Just when you thought the move to Melbourne was big enough news, Heston Blumenthal has dropped an even bigger bombshell. In an unexpected and somewhat bizarre move, the British chef announced that The Fat Duck would be moving to an all-duck menu.
“I know it sounds strange. Believe me, I understand,” said Blumenthal, “but if you look at Beijing or Tokyo, there are plenty of restaurants that just do duck, and this kind of specialisation seems like the logical progression in what we do.”
Though precise details are still being worked out on how the transition to the new menu will unfold, Blumenthal has said that many of the dishes that have become Fat Duck signatures will remain. He made mention of the ease with which snail porridge would become duck porridge, how readily the nitro-scrambled egg and bacon ice-cream can be refashioned into nitro-scrambled duck-egg and duck-bacon ice-cream, and how the whisky gums, formerly comprising jellied versions of different drams stuck on a map of Scotland, would be rendered as the great duck fats of the world in the form of liquid-centred jelly beans.

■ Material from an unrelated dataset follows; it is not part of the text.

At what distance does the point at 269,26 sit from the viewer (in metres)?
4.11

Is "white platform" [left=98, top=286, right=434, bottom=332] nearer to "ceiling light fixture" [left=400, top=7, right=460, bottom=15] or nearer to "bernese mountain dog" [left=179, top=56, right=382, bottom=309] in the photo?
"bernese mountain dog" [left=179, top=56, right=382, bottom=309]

One of the most remarkable of the reworkings Blumenthal has described is the famed Sound of the Sea. The original dish explored the connection between auditory prompts and the perception of taste; the diner has hitherto donned headphones to enjoy the immersive experience of the sounds of gulls and lapping waves as they ate the course. Now, with Sound of the Duck, the seafood on the plate remains the same, but the soundtrack is duck calls followed by shotgun blasts. “It’s really incredible,” enthused Blumenthal. “Where before you thought you were eating seaweed, clams cockles, mussels and other sea life, now, just by changing what you’re listening to, it all has the suggestion of duck. Fishy duck, yes, but duck all the same.”

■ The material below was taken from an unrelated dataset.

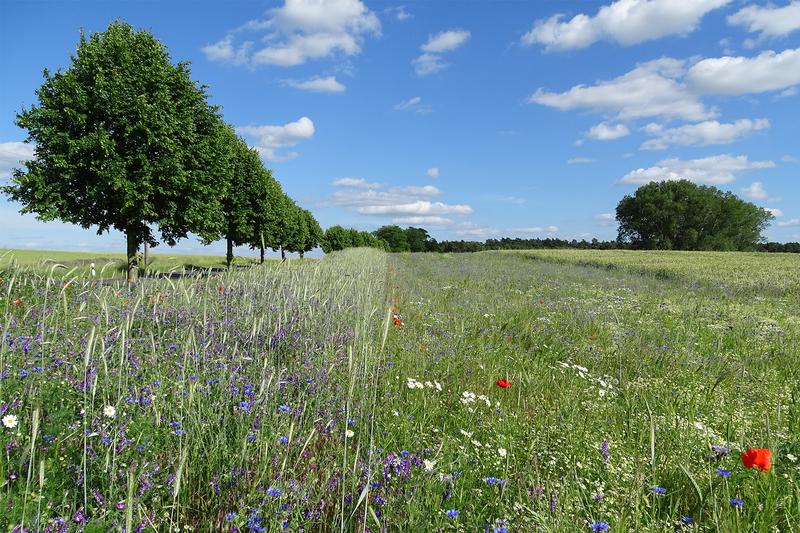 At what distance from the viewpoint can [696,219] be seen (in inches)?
3223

Perhaps the most controversial move, though, is Blumenthal’s decision to train ducks to deliver certain of the courses – even when those courses contain duck. The ducks in question have been humanely netted along the banks of the Thames, with the approval and assistance of the Department for Environment, Food and Rural Affairs, and Blumenthal has personally devoted weeks of his own time to teaching them. Blumenthal was quick to assure his fans that ducks that failed to meet the standards for service wouldn’t automatically end up on the menu. “They’re as much a part of the team as any of us, and we’d hardly poach one of the other waiters in liquorice gel and serve them with a vanilla anglaise just because they dropped a spoon, would we?”
It was in fact this radical front-of-house project, the chef revealed, that was behind the need to close the restaurant in England for an extended period and move the business to Melbourne for most of the year. “When you think about it, the training and fattening of 90 ducks to replace up to two-thirds of our floor staff” – the ducks have thus far proven incapable of pouring wine – “is a gargantuan task, and one we needed to completely clear out the restaurant at Bray to accomplish.”

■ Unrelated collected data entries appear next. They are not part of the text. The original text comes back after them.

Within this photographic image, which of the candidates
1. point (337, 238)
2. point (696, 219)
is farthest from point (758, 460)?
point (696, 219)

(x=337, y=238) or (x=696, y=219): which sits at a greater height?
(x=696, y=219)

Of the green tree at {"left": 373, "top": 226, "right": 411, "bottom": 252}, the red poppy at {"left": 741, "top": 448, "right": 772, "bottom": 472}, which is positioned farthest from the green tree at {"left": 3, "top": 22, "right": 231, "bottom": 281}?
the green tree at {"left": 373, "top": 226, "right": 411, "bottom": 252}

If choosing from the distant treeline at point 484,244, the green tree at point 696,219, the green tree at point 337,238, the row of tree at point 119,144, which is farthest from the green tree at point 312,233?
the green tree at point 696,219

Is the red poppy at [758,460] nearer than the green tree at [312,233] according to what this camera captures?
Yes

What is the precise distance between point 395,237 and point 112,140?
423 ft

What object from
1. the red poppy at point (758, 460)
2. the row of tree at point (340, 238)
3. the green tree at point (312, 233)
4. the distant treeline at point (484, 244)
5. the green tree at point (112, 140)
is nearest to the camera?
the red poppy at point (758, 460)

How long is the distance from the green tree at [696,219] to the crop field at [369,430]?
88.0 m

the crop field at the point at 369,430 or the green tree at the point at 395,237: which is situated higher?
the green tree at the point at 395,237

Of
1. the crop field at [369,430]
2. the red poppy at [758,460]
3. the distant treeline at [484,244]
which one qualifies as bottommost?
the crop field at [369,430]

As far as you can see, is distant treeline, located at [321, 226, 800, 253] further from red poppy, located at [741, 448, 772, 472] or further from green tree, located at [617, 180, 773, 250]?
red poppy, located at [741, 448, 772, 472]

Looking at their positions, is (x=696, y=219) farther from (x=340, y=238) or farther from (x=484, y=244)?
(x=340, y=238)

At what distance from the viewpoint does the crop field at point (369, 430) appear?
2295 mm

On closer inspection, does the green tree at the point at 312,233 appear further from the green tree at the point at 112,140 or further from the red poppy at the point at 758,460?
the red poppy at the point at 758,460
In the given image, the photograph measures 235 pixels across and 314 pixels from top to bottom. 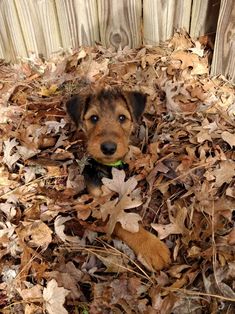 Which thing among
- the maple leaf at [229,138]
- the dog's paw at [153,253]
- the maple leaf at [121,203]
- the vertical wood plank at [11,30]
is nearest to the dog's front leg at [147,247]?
the dog's paw at [153,253]

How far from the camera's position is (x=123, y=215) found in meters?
3.06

As ever, no matter how loopy his proposals, Blumenthal has no shortage of historical precedents to cite as inspiration. “You only have to look to Chaucer detailing the training of water-fowl at inns in “The Cook’s Tale” in The Canterbury Tales, or the interlude in the first-folio version of King Lear where Gloucester drinks tea brought to him by a tame goose,” he said. “And British history is rife with examples of this sort of hospitality, whether it’s the famed Tudor toast-swans, or the flock of tame whisky-geese maintained by the late Queen Mother at Balmoral. It’s only fitting that we carry on the tradition, be it with mallards, grebes or loons.”
The Fat Duck’s all-duck menu is expected to make its first appearance before noon on 1 April 2016.